Living in New York takes thick skin—and eardrums. Life outside on the streets of NYC is anything but muted. How you react to the hubbub is one of the ways NYC separates its wheat from its chaff; the wheat learns to love the roar, the chaff moves back to Ohio. As a result, New Yorkers have come to love certain sounds that cause people from other places to slap their hands over their ears and curse loudly.
The symphony of overlapping automobile horns just might be the sound most identified with New York City. It’s the New Yorker’s constant companion, whether at 2pm in midtown or 2am in the East Village. The city has attempted to crack down on the noise in recent years, threatening unnecessary honkers with a $350 fine; in reality, this has done as much good as Mayor de Blasio standing on Fifth Avenue and shaking his fist at the traffic.
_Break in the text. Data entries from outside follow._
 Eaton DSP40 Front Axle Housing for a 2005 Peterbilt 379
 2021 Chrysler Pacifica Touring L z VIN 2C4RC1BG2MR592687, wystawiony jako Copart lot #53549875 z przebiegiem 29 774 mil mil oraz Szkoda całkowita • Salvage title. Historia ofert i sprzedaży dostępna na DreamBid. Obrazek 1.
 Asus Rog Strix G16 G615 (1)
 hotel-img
These electronic wails are designed to be obnoxious—they’re supposed to cut through background noise to tell inattentive drivers and pedestrians to make way for the emergency vehicle coming through. And in most places, they do a fine job. Here in NYC, though, heavy traffic means first responders use them constantly. As a result, sirens become so ubiquitous, they often go unnoticed—or even, on occasion, enjoyed.
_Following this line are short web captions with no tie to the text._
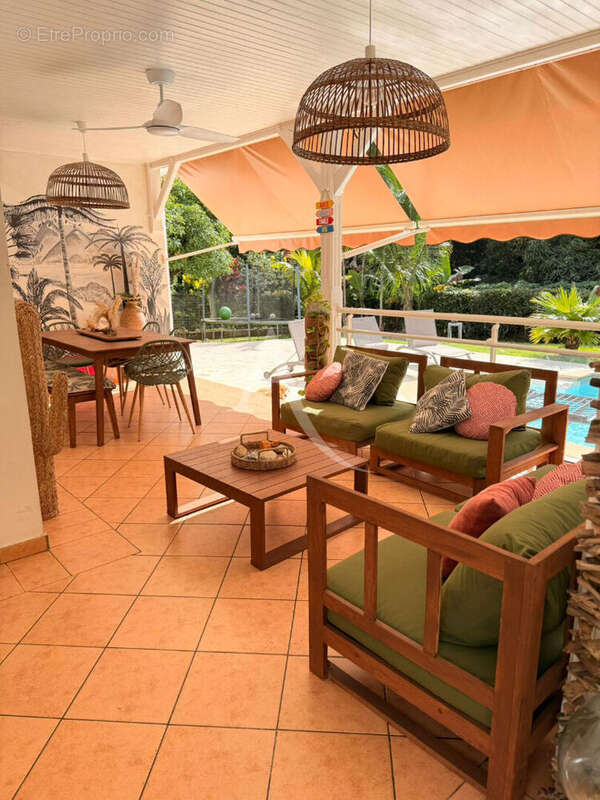 EXCEPTIONNEL: Maison Fort De France 5 pièce(s) avec bungalow et piscine. - photo 11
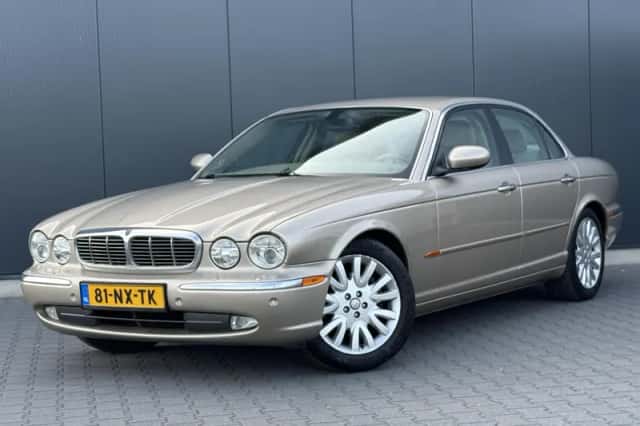 Jaguar XJ (2004) thumbnail 1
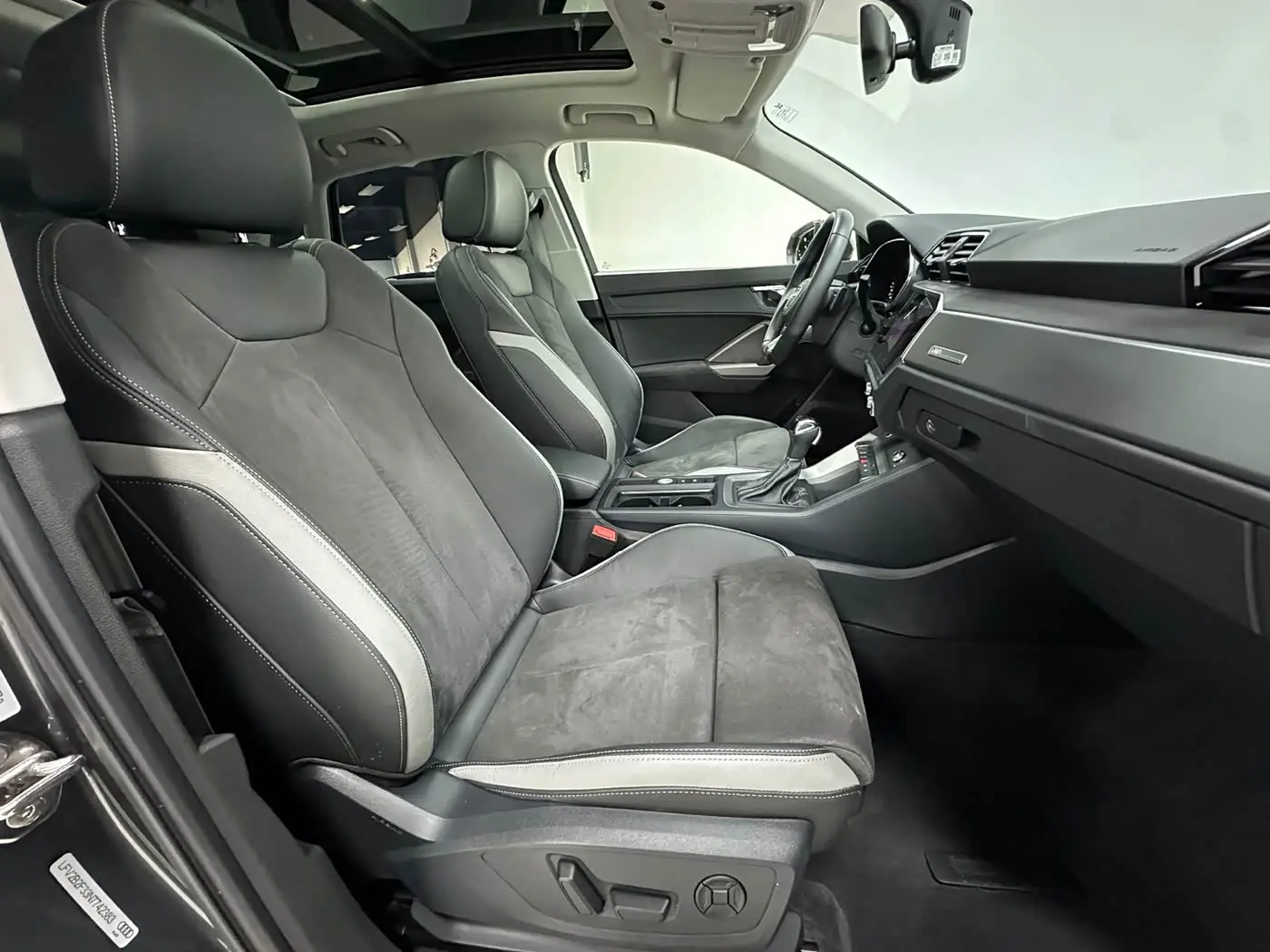 Audi Q3 2022 — Photo 15/20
People talking to themselves
Everybody talks to themselves sometimes—but there’s a big difference between rehearsing what you’re gonna say to your office crush under your breath and that guy on the subway rambling on about the quail inside Obama controlling him like a locomotive. Visitors steer clear of such self-narrating characters; New Yorkers, on the other hand, have seen enough of them to find their rants oddly amusing.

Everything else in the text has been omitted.